Watch the YouTube video of the 2004 performance. It’s remarkable for two reasons: first, because it’s incredibly good. Second, because it doesn’t really seem to be that difficult for Prince. He’s very clearly having fun doing it. That’s the same energy that King brought on Friday night.
Here’s how you knew it was going to be spectacular. Roadies have seen everything before, usually on multiple occasions. These are people who barely notice parts of the show that are a lifetime highlight for thousands of fans every single night. They’ve seen it at sound check. They saw it the night before. They’ll see it again tomorrow.
But as the Church/King combination approached on Friday’s set list, they began ringing the side of the stage, several people deep. They didn’t want to just watch this on the monitors or listen from the back. They wanted to experience it.
With good reason. “You’re going to see lots of shows in Lexington this year,” Church said when it was finished. “You ain’t going to see that shit.”
“While My Guitar Gently Weeps” was so good it should have been something like a third encore.
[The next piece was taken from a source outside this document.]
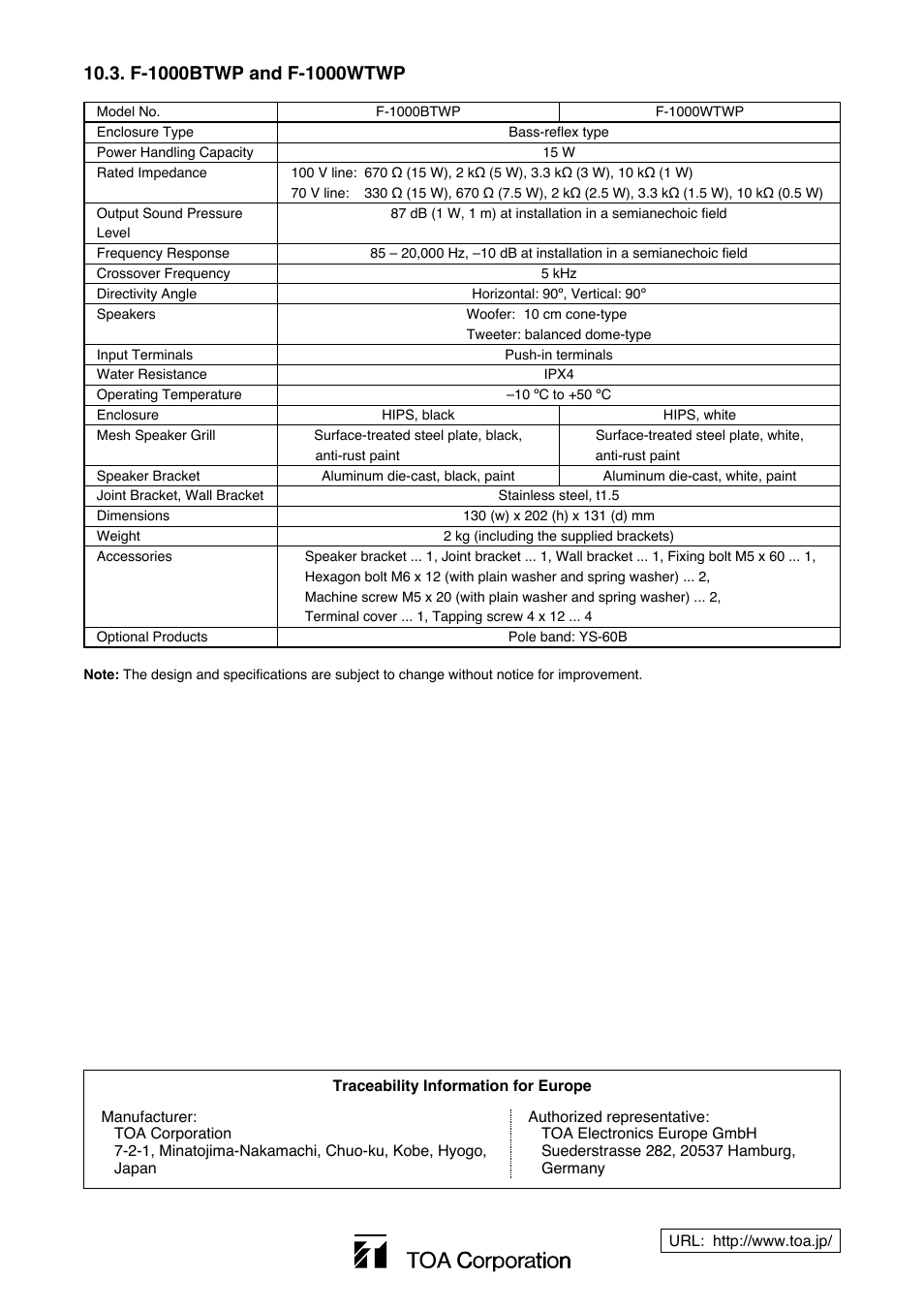 Toa F-1000WTWP User Manual | Page 18 / 18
Instead, it appeared halfway through the set. That gave Church the rest of the night to play even more hits, to tease the raucous Rupp Arena crowd (“I’m going to play you a new one,” he told them right before “Springsteen”), and to create a moment with his son that was every bit as memorable as the collaboration with King.
One of the toughest things in the world to be is a 14-year-old boy. There’s so much happening. There are friends and girls and responsibility and a constant, overwhelming, all-encompassing need to be cool.
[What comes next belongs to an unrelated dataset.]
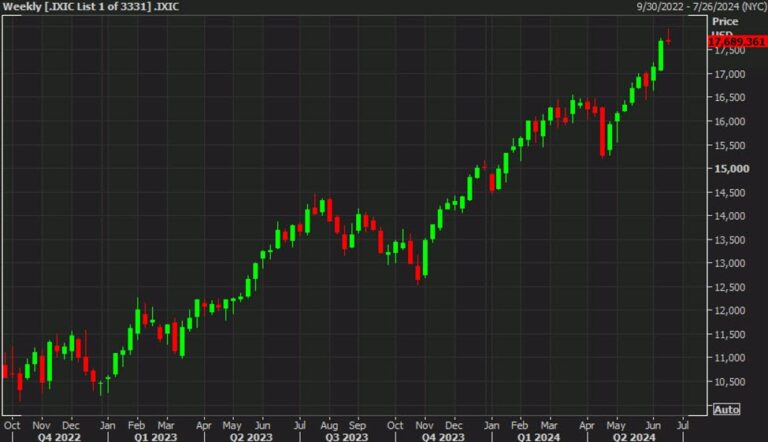 US equities finish the week on a soft note | Forexlive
Friday was Boone Church’s 14th birthday. The show—the first Eric Church concert on October 3 since 2012, when Boone turned one—worked out perfectly, three hours from Nashville, so he was able to bring a group of friends to the show. Which probably sounds really cool to you, but imagine being 14 and having your friends talk about how cool your dad is while he’s really just Dad.
“I’m trying to figure out how to do this the right way,” Church said from the stage before the penultimate song of the night. “I wrote this song when my oldest was three years old. He turns 14 today. I haven’t done this one in a long time and I’m not sure I can. I just want to say I love you.”
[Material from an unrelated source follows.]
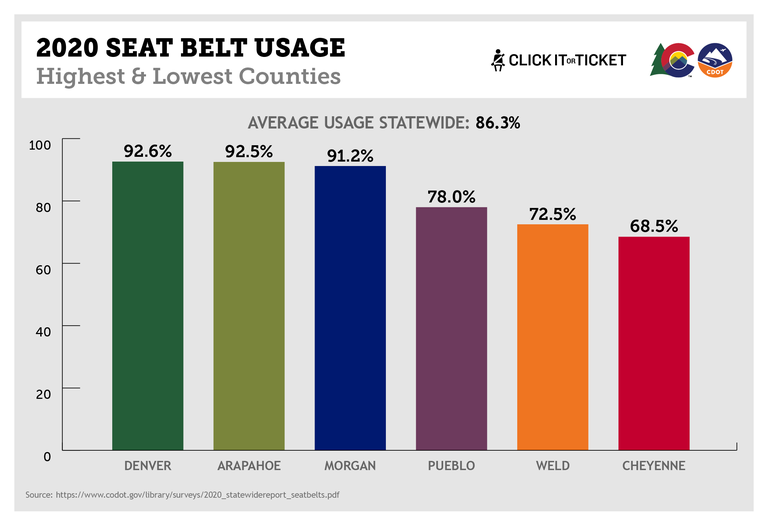 Seat belt usage graph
Sometimes when Church says he “hasn’t done a song in a while” he means since last month. This time he meant he’s only played “Three Year Old” live one time in the past six years, and that one occasion was part of a special show at The Gorge in 2023 when he played the entire Mr. Misunderstood album.
Dads and their teenagers don’t always talk a lot. There’s plenty that is just assumed to be understood and left unsaid. The song was a gorgeous way to say everything while saying nothing.
It could have been mortifying. When you’re 14 and your dad announces on a live microphone in front of thousands that he loves you, well, maybe that isn’t cool.
But here’s what is cool: halfway through the song, a fan who unknowingly was just a couple rows away from the former three-year-old yelled, “Happy birthday, Boone!” The warmest, most genuine smile broke across Boone’s face, and his friends threw an arm around him, and if that song is never performed again, it’s because it already reached perfection at that exact moment.
And that is an Eric Church show. It’s big and bombastic with fists pumping and “I wanna feel the rush, I wanna feel alive.” An hour later it’s intimate and tender with maybe just a small tear in your eye while you remember “Sometimes all you need is a hand to hold.” All of these emotions happen on the same night within a few minutes of each other, and it’s not always perfect but it is always exhilarating and on some nights, like Friday, it is exceptional.
Let’s give the last word to Marcus King. Even as one of the best guitar players on planet Earth, he was left just a little speechless by the entire night.
Asked to summarize the night, he had the perfect nondescriptive description. “It was,” King said, “indescribable.”